**About this task**
Retrieve all lines below that have the string "Girls".

(Records from a dataset)

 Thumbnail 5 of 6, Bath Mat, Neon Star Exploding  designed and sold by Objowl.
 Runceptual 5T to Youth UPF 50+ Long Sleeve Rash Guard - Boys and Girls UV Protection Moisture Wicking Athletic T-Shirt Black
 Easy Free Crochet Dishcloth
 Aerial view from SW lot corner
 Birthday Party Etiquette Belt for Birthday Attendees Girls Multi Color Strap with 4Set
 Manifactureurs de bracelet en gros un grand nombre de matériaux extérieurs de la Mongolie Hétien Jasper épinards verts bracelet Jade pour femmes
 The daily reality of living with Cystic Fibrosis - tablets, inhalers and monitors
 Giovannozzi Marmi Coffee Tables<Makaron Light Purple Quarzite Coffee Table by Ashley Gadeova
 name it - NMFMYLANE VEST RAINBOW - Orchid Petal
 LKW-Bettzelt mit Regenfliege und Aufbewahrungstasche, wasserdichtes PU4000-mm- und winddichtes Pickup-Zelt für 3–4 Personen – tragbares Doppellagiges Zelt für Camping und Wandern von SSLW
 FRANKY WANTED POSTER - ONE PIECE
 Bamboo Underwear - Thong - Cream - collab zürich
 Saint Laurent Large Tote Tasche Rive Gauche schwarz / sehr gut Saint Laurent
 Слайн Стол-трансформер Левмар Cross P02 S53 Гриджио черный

**Response area**
 Runceptual 5T to Youth UPF 50+ Long Sleeve Rash Guard - Boys and Girls UV Protection Moisture Wicking Athletic T-Shirt Black
 Birthday Party Etiquette Belt for Birthday Attendees Girls Multi Color Strap with 4Set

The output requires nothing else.